### Available data
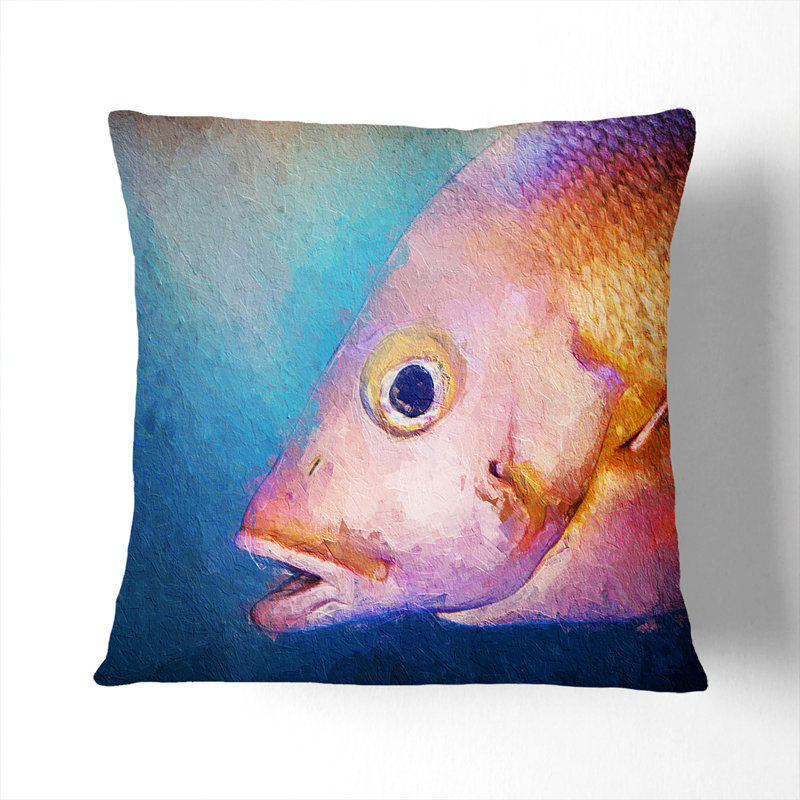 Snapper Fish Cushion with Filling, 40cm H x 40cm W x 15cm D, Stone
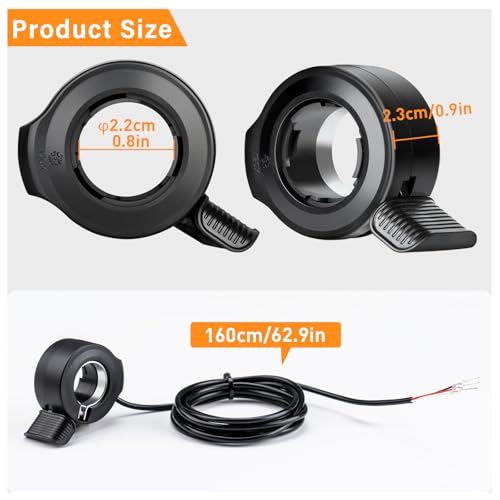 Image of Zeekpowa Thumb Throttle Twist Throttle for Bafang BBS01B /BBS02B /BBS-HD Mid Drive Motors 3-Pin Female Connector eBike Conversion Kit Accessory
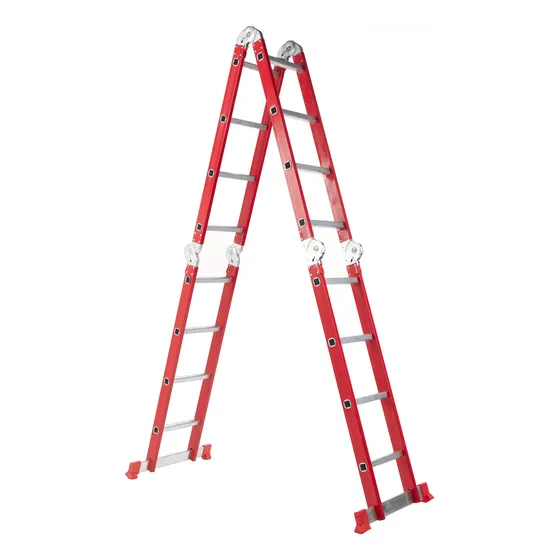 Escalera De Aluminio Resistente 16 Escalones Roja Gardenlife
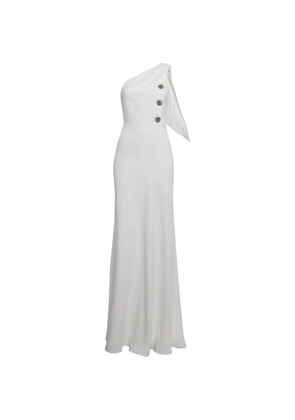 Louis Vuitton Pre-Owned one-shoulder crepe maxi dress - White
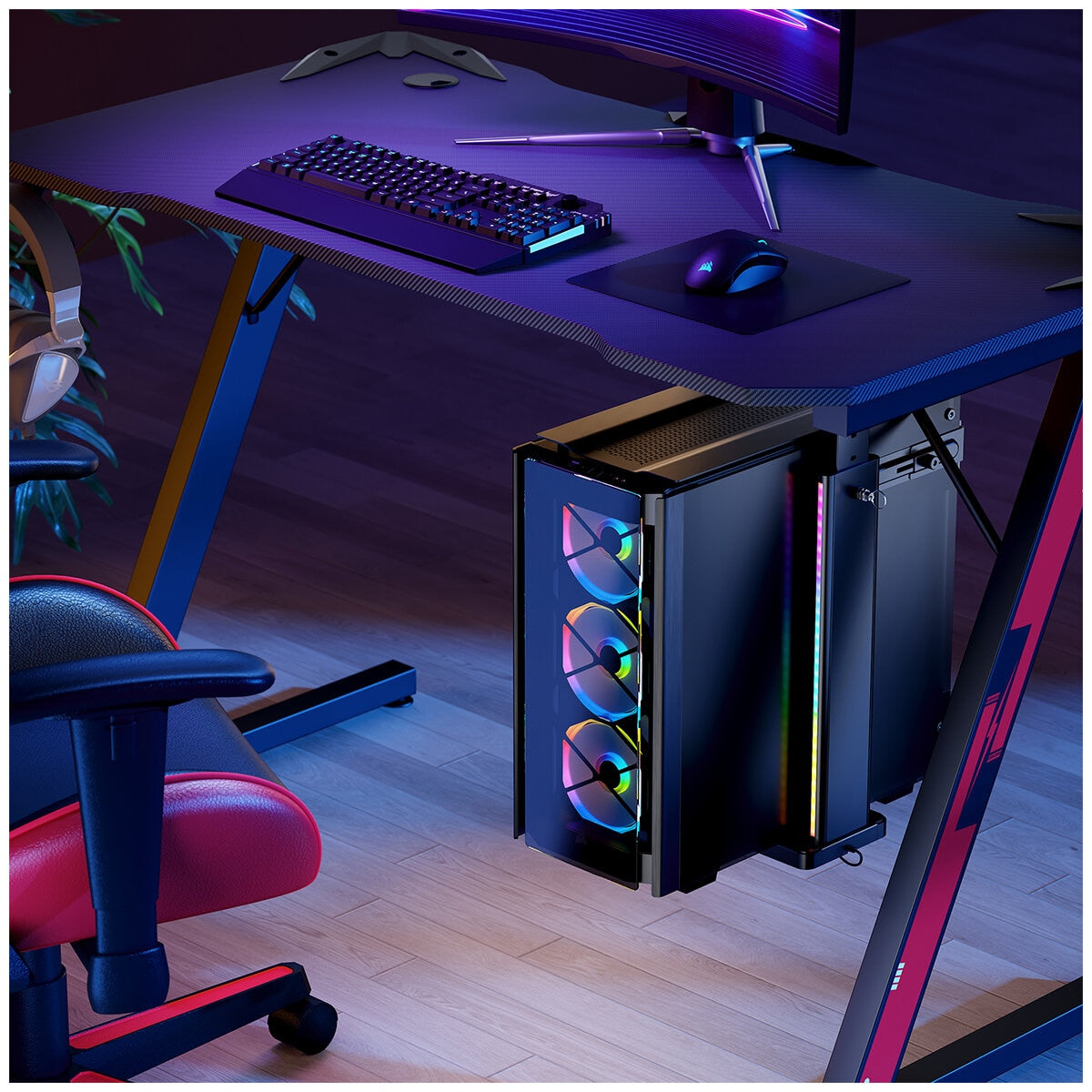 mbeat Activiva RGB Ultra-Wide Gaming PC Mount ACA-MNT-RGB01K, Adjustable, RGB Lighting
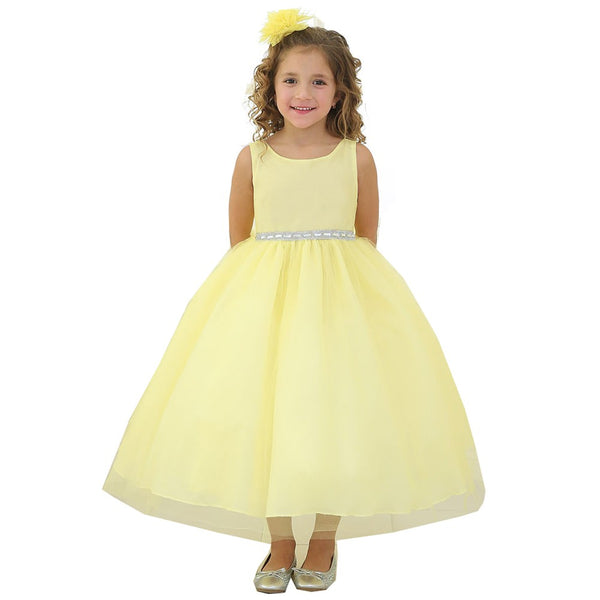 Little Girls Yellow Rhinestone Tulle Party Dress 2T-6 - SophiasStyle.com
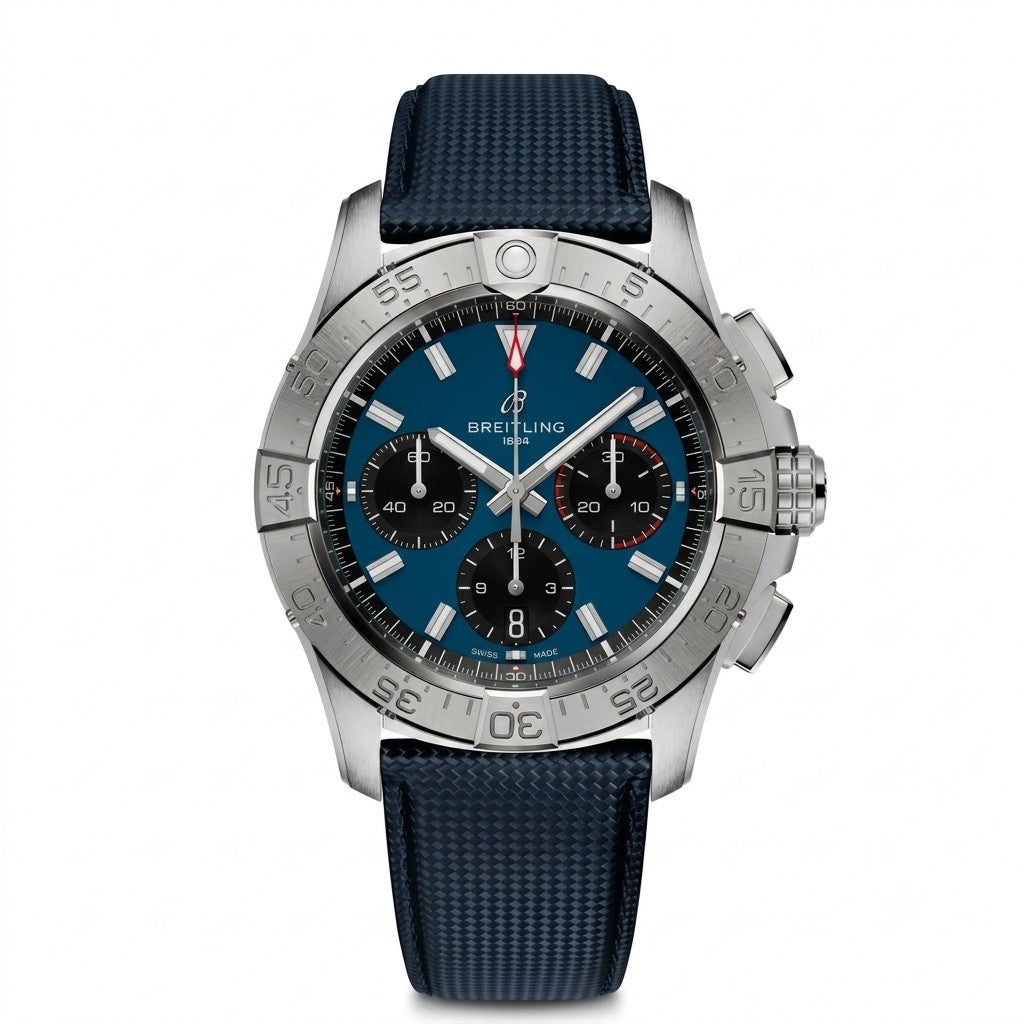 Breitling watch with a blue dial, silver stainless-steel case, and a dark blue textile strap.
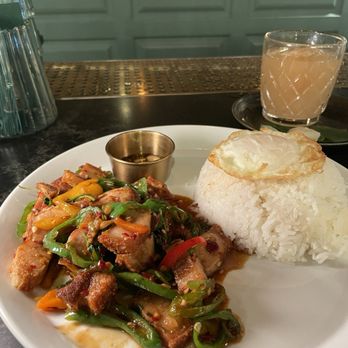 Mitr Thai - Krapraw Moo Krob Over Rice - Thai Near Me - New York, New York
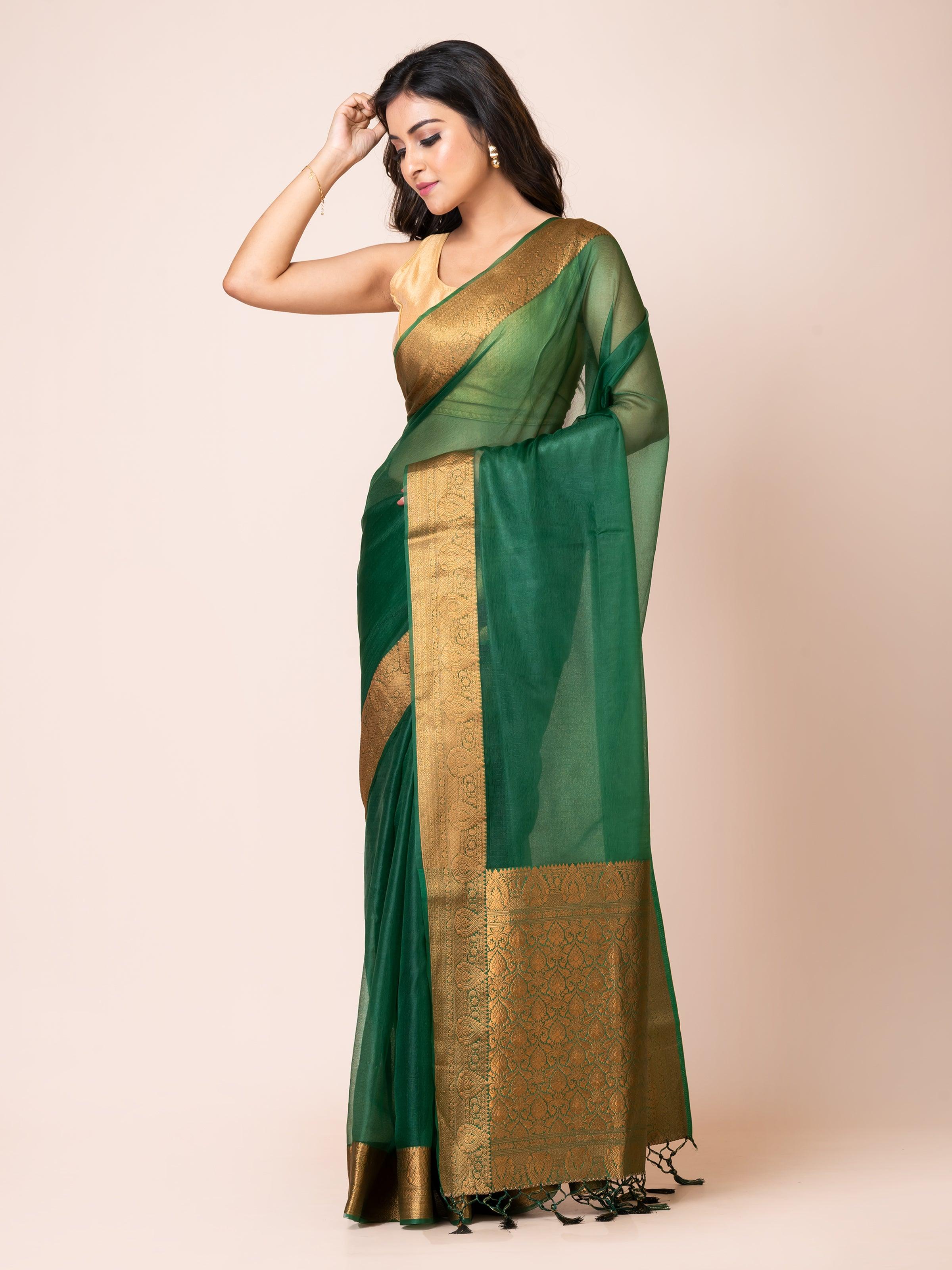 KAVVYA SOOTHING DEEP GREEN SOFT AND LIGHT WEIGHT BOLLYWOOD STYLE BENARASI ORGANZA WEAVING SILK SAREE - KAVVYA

### The task
Which lines run from the one containing "Image of Zeekpowa" to the end of the entries above? Write them out exactly, leaving out every picture.

### Task output
 Image of Zeekpowa Thumb Throttle Twist Throttle for Bafang BBS01B /BBS02B /BBS-HD Mid Drive Motors 3-Pin Female Connector eBike Conversion Kit Accessory
 Escalera De Aluminio Resistente 16 Escalones Roja Gardenlife
 Louis Vuitton Pre-Owned one-shoulder crepe maxi dress - White
 mbeat Activiva RGB Ultra-Wide Gaming PC Mount ACA-MNT-RGB01K, Adjustable, RGB Lighting
 Little Girls Yellow Rhinestone Tulle Party Dress 2T-6 - SophiasStyle.com
 Breitling watch with a blue dial, silver stainless-steel case, and a dark blue textile strap.
 Mitr Thai - Krapraw Moo Krob Over Rice - Thai Near Me - New York, New York
 KAVVYA SOOTHING DEEP GREEN SOFT AND LIGHT WEIGHT BOLLYWOOD STYLE BENARASI ORGANZA WEAVING SILK SAREE - KAVVYA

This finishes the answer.